▶ _Problem_:
For every line below, output the text exactly and leave out images.

▶ _Supplied data_:
++++++++++
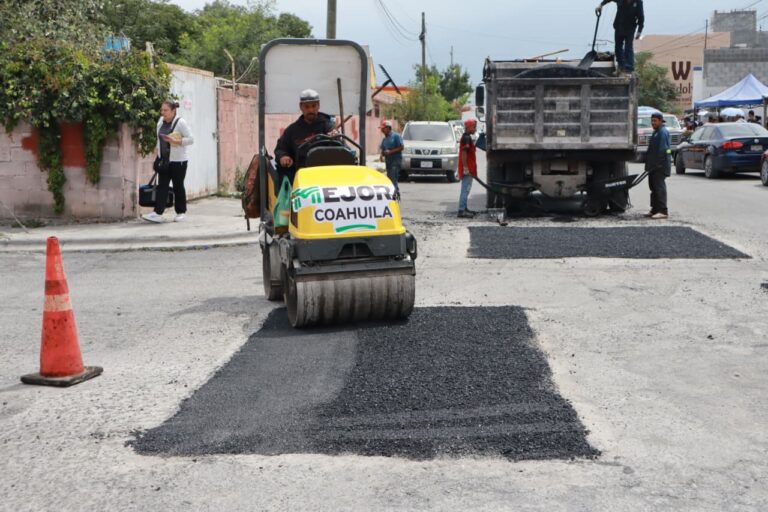 Continúan acciones de bacheo al sur de Saltillo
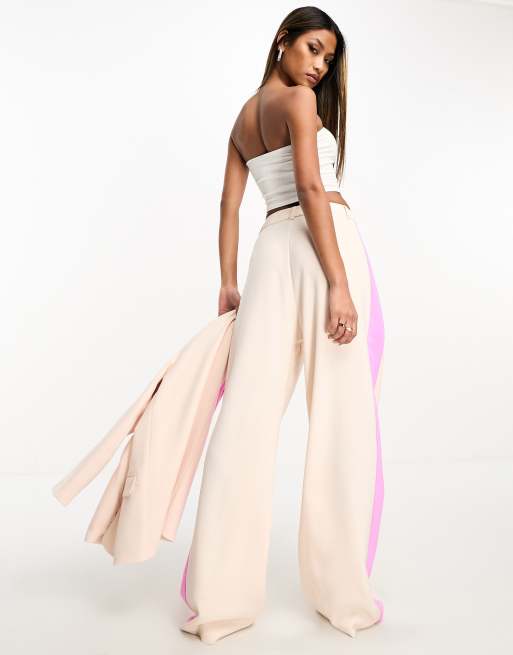 Forever Unique – Zweiteiliger Hosenanzug in Ecru mit Streifen in Rosa, 2 von 4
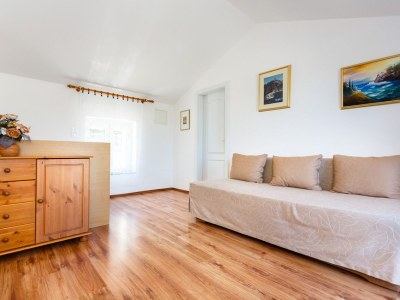 Holiday apartment Branko 1 – Dachgeschosswohnung mit Meerblick auf die Altstadt, zentrale Lage - Features photo 14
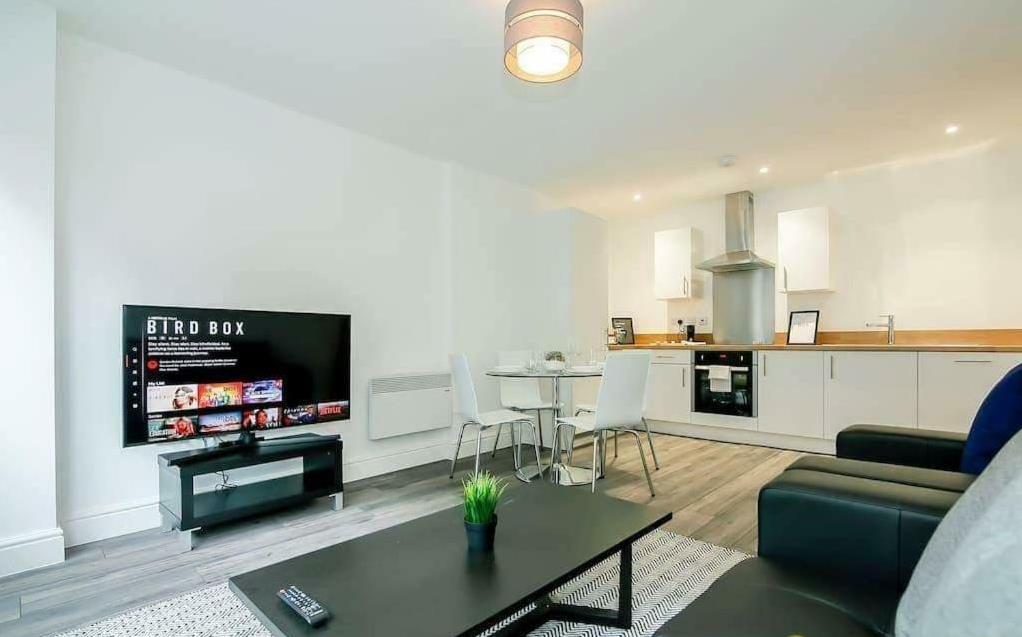 Additional image 4 of 2 Bed Flat, Queen Street, S1, N1 7GU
++++++++++
▶ _Task result_:
 Continúan acciones de bacheo al sur de Saltillo
 Forever Unique – Zweiteiliger Hosenanzug in Ecru mit Streifen in Rosa, 2 von 4
 Holiday apartment Branko 1 – Dachgeschosswohnung mit Meerblick auf die Altstadt, zentrale Lage - Features photo 14
 Additional image 4 of 2 Bed Flat, Queen Street, S1, N1 7GU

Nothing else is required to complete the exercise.